# Disque dur externe ne s'affichant pas sur le bureau



## Tixu (13 Août 2012)

Bonjour à tous,

Voici, en quelques mots, le problème que je rencontre :

Hier, j'ai connecté un disque dur externe à mon Mac afin de libérer de l'espace sur mon disque dur interne. L'opération s'est déroulée sans problème particulier et une fois la copie des fichiers terminée, j'ai éjecté mon dd externe.
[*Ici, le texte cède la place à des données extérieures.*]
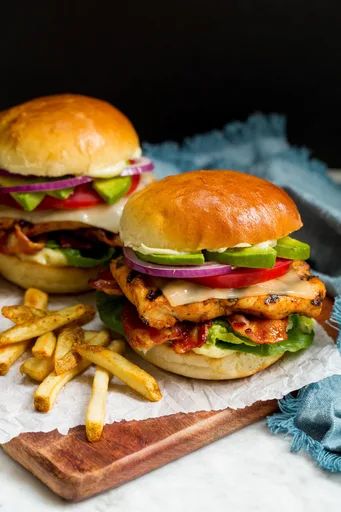 Sándwich de pollo a la parrilla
Ce matin, je reconnecte ce dernier mais cette fois, *il n'apparaît plus sur le bureau.*

Avant de publier ce post, j'ai regardé ce qui avait été répondu aux personnes ayant connu ce type de déconvenue mais je n'ai pas trouvé de réponse satisfaisante.

Quelques précisions :
- mon iMac est sous OS X Lion 10.7.4
- le dd externe est un Seagate GoFlex 1 To, auto-alimenté et relié par port USB (je l'utilise également sur PC)
- le dd externe *apparaît bien dans l'utilitaire de disque* mais en grisé !

En sélectionnant cette ligne grisée et en cliquant sur Monter, j'obtiens un message d'erreur disant : "Echec du montage. Impossible de monter le disque blablabla. Essayez de la réparer avec Utilitaire de disque puis réessayez de le monter".

Chose que j'ai faite à partir de l'onglet SOS. Après toutes les vérifications, l'utilitaire dit "Le volume FreeAgent GoFlex Drive semble être en bon état. Réparation du volume terminée. Mise à jour des partitions de prise en charge du démarrage pour le volume, comme requis".

Mais le dd n'apparaît toujours pas sur le bureau, y compris en le débranchant/rebranchant, y compris en redémarrant le Mac plusieurs fois. Rien n'à faire... 

Ah oui ! Je précise aussi que j'ai vérifié dans les Préférences du Finder, et que les cases Disques Durs et Disques externes sont bien cochées dans les préférences d'affichage.

Voilà, si quelqu'un a un début de commencement de réponse, je suis preneur !

Merci de m'avoir lu jusqu'au bout 
Bonne journée !


----------



## Anonyme (13 Août 2012)

Bonjour,

 c'est le plus souvent à cause d'une alimentation électrique insuffisante.

Le câble USB a-t-il *DEUX* prises USB côté ordi (câble en Y) ?


----------



## Tixu (13 Août 2012)

Bonjour Renaud,

Non, il n'y a qu'une seule prise USB.

Par ailleurs, je l'avais en premier lieu connecté en Firewire 800, sans plus de succès.


----------



## Anonyme (13 Août 2012)

Première chose à essayer : utiliser un câble en Y (2 prises USB).

J'ai des disques Storeva que je connecte à mon MBP, aucun n'accepte de monter avec une seule prise USB.
Ou si jamais il monte, il s'éjecte tout seul en cours de travail.....

Les prises USB fournissent un courant limité à une certaine valeur (souvent 500 mA).

C'est insuffisant pour beaucoup de DDE.

C'est pour cela que les câbles en Y existent 

Va voir dans à propos de ce Mac / plus d'infos / matériel / USB, le "courant disponible".

Quelle est la valeur en mA ?

---------- Nouveau message ajouté à 12h20 ---------- Le message précédent a été envoyé à 11h02 ----------

Regarde ce sujet : http://forums.macg.co/peripheriques...sie-des-hd-auto-alimentes-en-usb2-254042.html


----------



## Tixu (13 Août 2012)

Re Renaud,

J'avais déjà lu le post de Pascal77 ce matin. Merci tout de même pour le lien 

Hélas, même en reliant le DD avec un câble Y, cela n'est apparemment pas suffisant... Il est toujours reconnu mais ne "monte" pas dans le Finder.

Je te mets en PJ les infos fournies par le système.

++


----------



## Pascal 77 (13 Août 2012)

Tixu a dit:


> Re Renaud,
> 
> J'avais déjà lu le post de Pascal77 ce matin. Merci tout de même pour le lien
> 
> ...



Sauf que ton disque, il est connecté sur l'autre contrôleur, ce qui fait que là, on n'a aucune info ! 

Cela dit, si ça fait la même chose en Fw800, alors, c'est pas un problème d'alimentation (le Firewire est capable de fournir le double de l'USB), à moins que ça ne soit le SMC de ton Mac qui soit en l'air, essaie de le réinitialiser (mais j'ai un doute, si la vérification du disque a fonctionné, c'est qu'il n'y a pas de problème d'alim).


----------